I took the NCLEX-RN June 17....and....PASSED! God was very good to me that day. I wasn't nervous until the test cut me off after 75 questions and then was sure I had failed. Not sure why, but I went straight to the christian bookstore after that. I had never been there before, but I ended up there. I was reminded (in the "way to expensive to buy for just a verse hanging on the wall decoration" section) to trust God. Specific verses that caught my attention were: Psalm 37, Psalm 46:10, and the last section of Col 3. Psalm 37 says over and over again "don't fret, don't fret, don't fret." Psalm 46:10 reminded me to just be STILL and trust God. The section in Col 3 was talking specifically to servants, encouraging them to dedicate all that they do to God and work for the glory of God. At the point that I read that chapter I realized that as a nurse I am a servant. I dedicated my service as a nurse to God. Everyday, as I place my hand on the doorknob before leaving for work, I pray for God's glory. I pray that I will actually be a conduit for God's glory.

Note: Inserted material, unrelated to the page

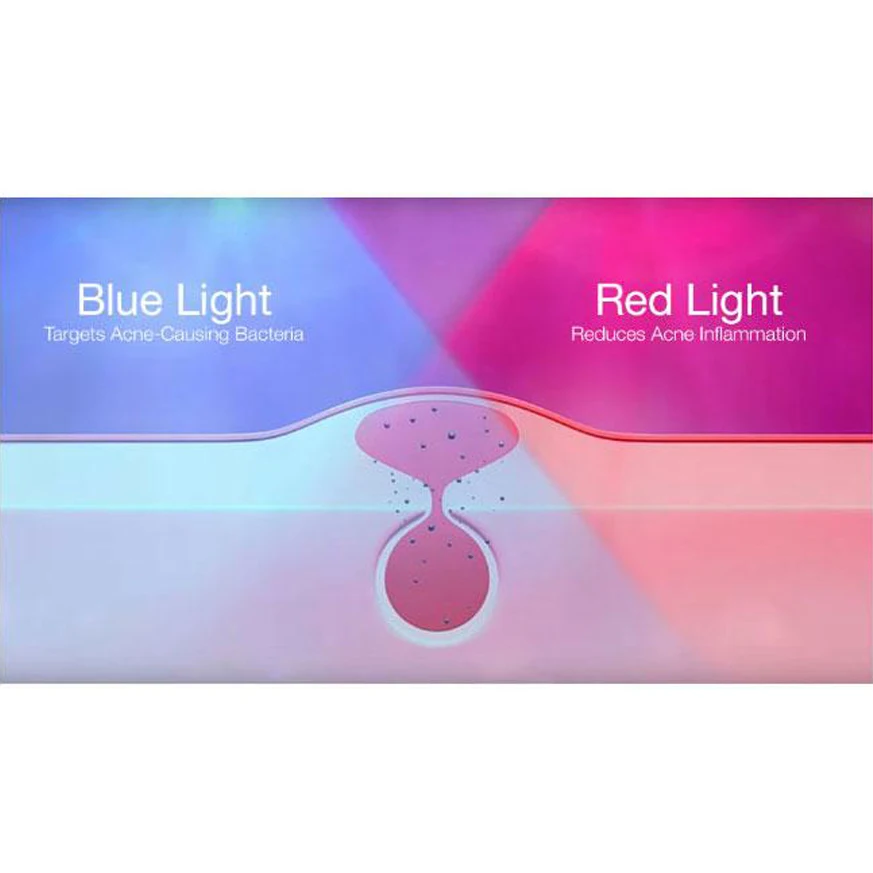 New Arrival Medical Red Light Therapy Treatment Laser Pen Soft Scar Wrinkle Removal Treatme acne light therapy
New Arrival Medical Red Light Therapy Treatment Laser Pen Soft Scar Wrinkle Removal Treatme acne light therapy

Now I am in orientation. I did two weeks in the nursery, learning how to transition babies directly after birth. I was shaking with my first baby. That was the first time I had ever done nursing care all by myself. It took me awhile to get used to writing RN after my name too. Now I have to stop myself from writing it when I sign credit card slips, checks, etc. Now I am in the second to last week of postpartum (new moms and babies). So far I am really enjoying being a nurse. There is more responsibility, but for the most part it is really fun.
1 comment:
yeah! so excited for you to like what you do and I know that you can/will do it well!